(Dataset entries)
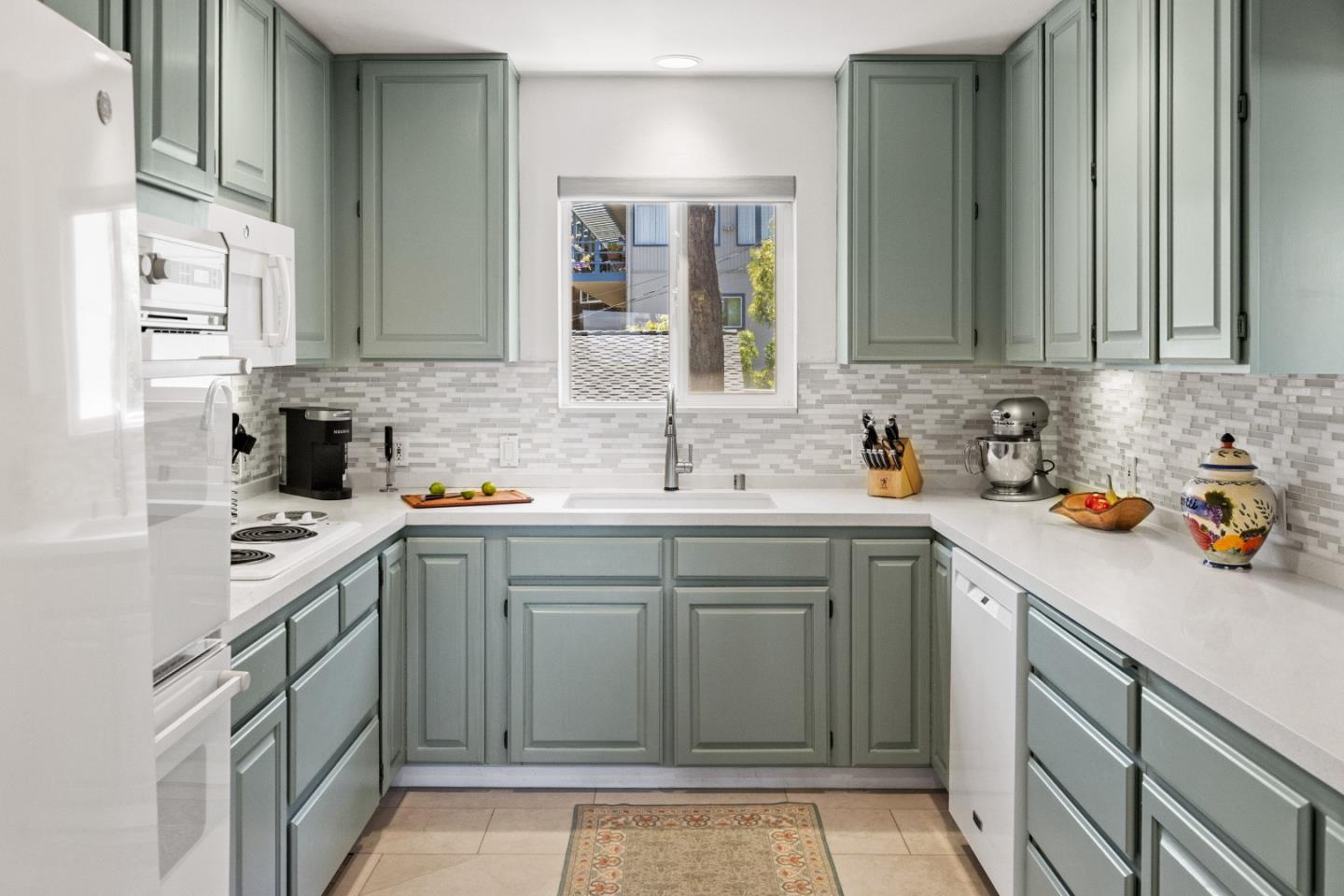 Detail Gallery Image 9 of 42 For 35 via Castanada, Monterey,  CA 93940 - 4 Beds | 4 Baths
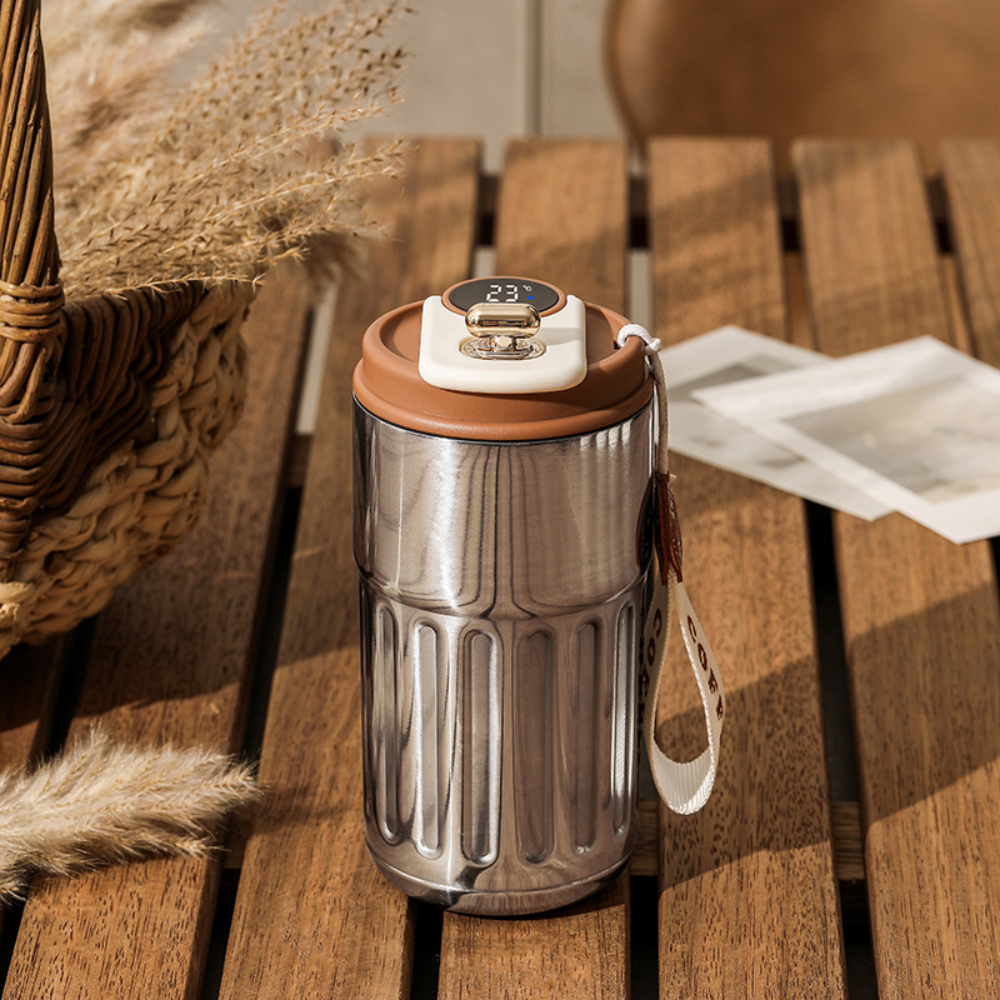 SmartTemp LED Thermosflasche | Bleib hydratisiert, bleib informiert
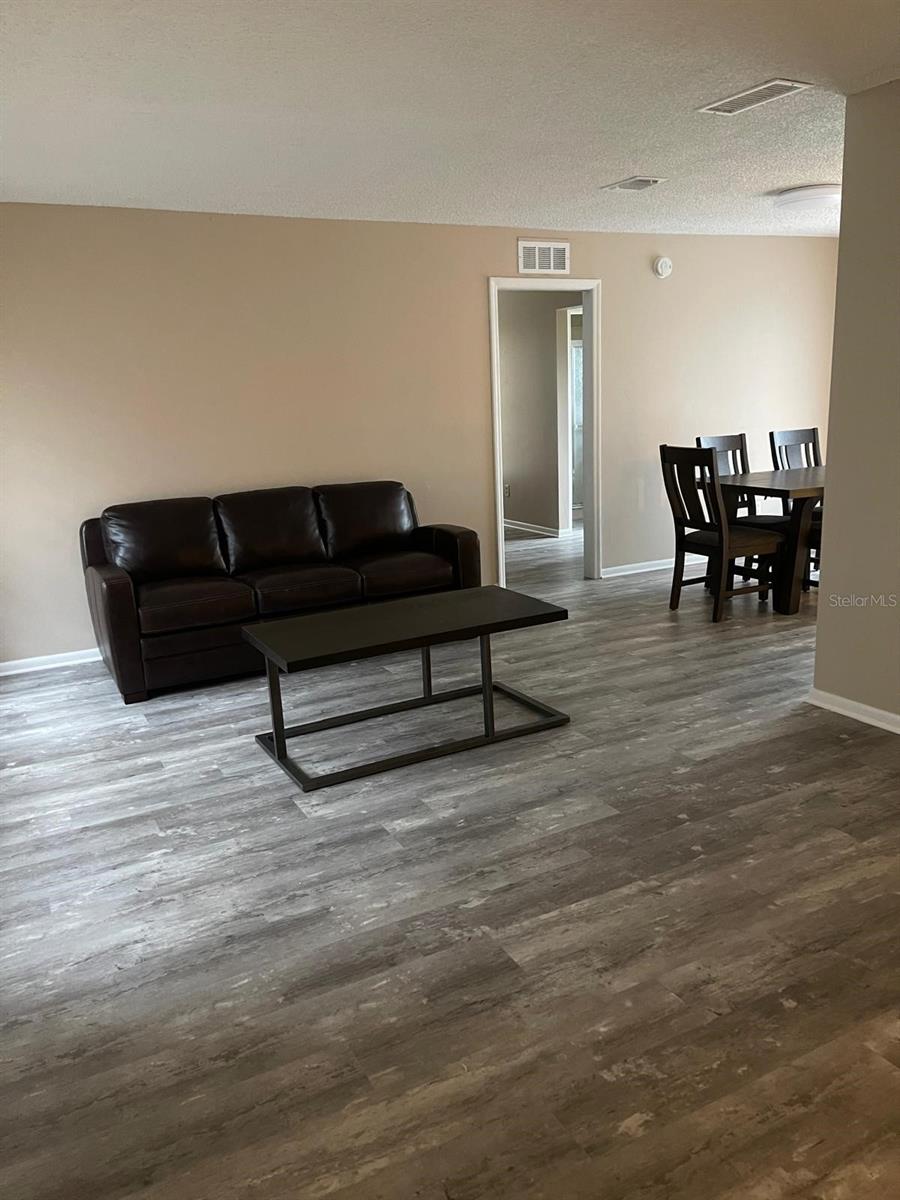 3914 KING DR — photo 10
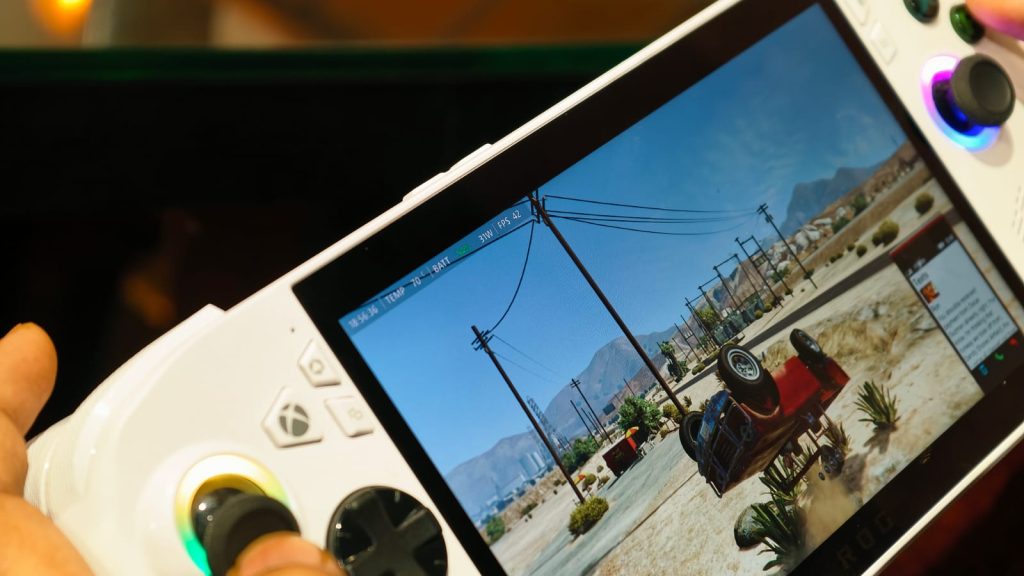 A person playing GTA V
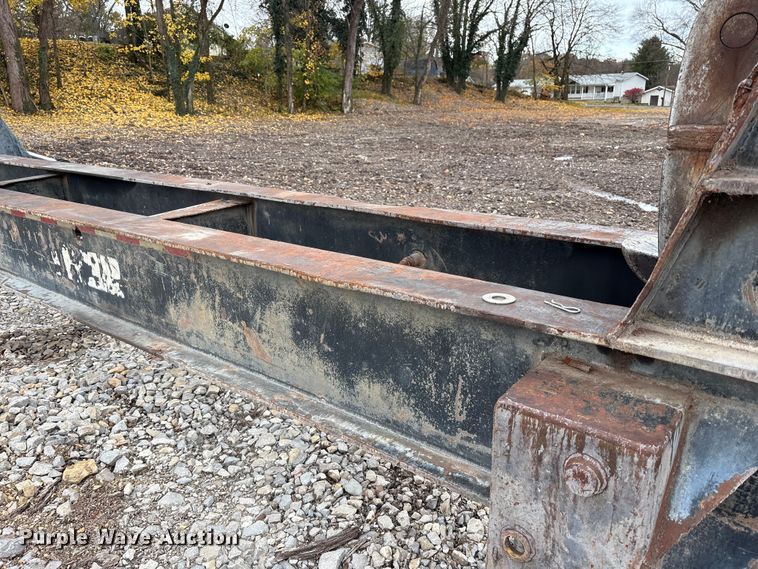 image for item FK1025 2011 John Deere 437D log loader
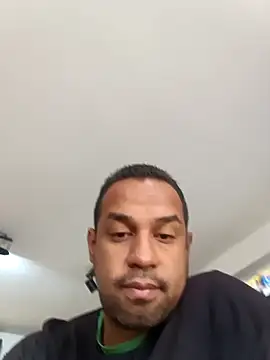 Snapshot of elnegro707070 chatting on 10-13-25, 11:10 elnegro707070 online show from 10-13-25, 11:10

▸ **REQUIRED WORK**
For the entries above, return an exact copy that omits the images.

▸ **ANSWER SPACE**
 Detail Gallery Image 9 of 42 For 35 via Castanada, Monterey,  CA 93940 - 4 Beds | 4 Baths
 SmartTemp LED Thermosflasche | Bleib hydratisiert, bleib informiert
 3914 KING DR — photo 10
 A person playing GTA V
 image for item FK1025 2011 John Deere 437D log loader
 Snapshot of elnegro707070 chatting on 10-13-25, 11:10 elnegro707070 online show from 10-13-25, 11:10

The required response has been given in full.